Some media houses have breached code
- monitoring team finds


Guyana Chronicle
January 23, 2001


A TEAM monitoring the media in the run-up to the scheduled March 19 general elections has found that some agencies have breached the code of conduct, Guyana Elections Commission (GECOM) Chairman, Major General Joe Singh reported yesterday.

He received the first of a series of reports from Mr Robert Norris, Media Monitoring Advisor.

Singh also got the report of a field test survey of the National Register of Registrants which formed the base of the Preliminary Voters List and was told the voter registration could not be out by more than five per cent.

Norris, at a ceremony at the commission's office in Georgetown, said the report came from monitoring five television stations, the two daily newspapers and the radio station over two weeks.

"It is our attempt to see what kind of information our voters are getting," he said.

He said this first report "is not meant to make any real judgements about the adequacy of how the media really operates but to serve as a benchmark to illustrate some of the things we will be looking at in the future and we will be sharing this information with refereeing panels."

The report was not immediately available.

But Singh said the document refers to some recent media reports which are "clearly in breach of the Code of Conduct".

"While we are not empowered at this point to impose any sanctions, we expect that when the independent Media Monitoring Panel...is established on February 1, the commission will be forwarding to that...panel any instances or incidents that we feel have crossed the line and are in breach of the media code of conduct", he said.

Singh noted the importance of the document saying, "it is extremely useful and timely at this current period."

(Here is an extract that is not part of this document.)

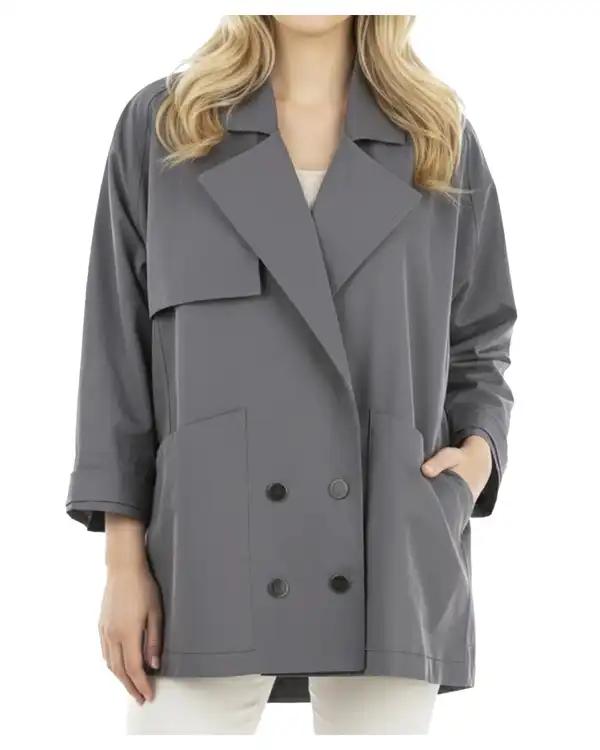 بارانی زنانه طوسی ریس Rees کد 1136004-10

"We will be sharing this not only with members of the commission but also those media houses that have subscribed to the media code of conduct," he said.

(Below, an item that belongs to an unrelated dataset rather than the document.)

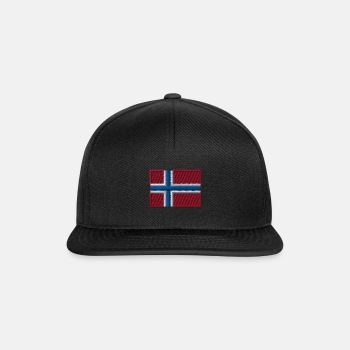 Norsk flagg (brodert) - Snapback cap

"The objective here is to give them an insight into what we have been able to complete over the period that the report has been written in the hope that they will be objective in their pursuit of the truth...," Singh explained.

He received the field test survey report on the NRR from Mr T. Earle, a former Commissioner of the Lands and Surveys Department.

"If the recommendations contained in this report are carried out...your field exercise in terms of registration can't be out by more than five per cent", Earle told Singh.

"I have found that from the test carried out, our survey accuracy is on a 95 per cent confidence band."

"I am sure that from the figures we have presented here, your field exercise in terms of registration cannot be out by five per cent...I bet my bottom dollar, because of the precautions we took and the accuracy with which we have designed the exercise...," he declared.

Earle also said that he had enough samples to adequately complete the accuracy of the NRR.

He was in October last year commissioned by GECOM to do a field test of the NRR and said the report was completed last month.

Singh said the Final Voters List is due out in about another week.

Also at the handing-over were members of the Elections Commission who each received copies of the reports.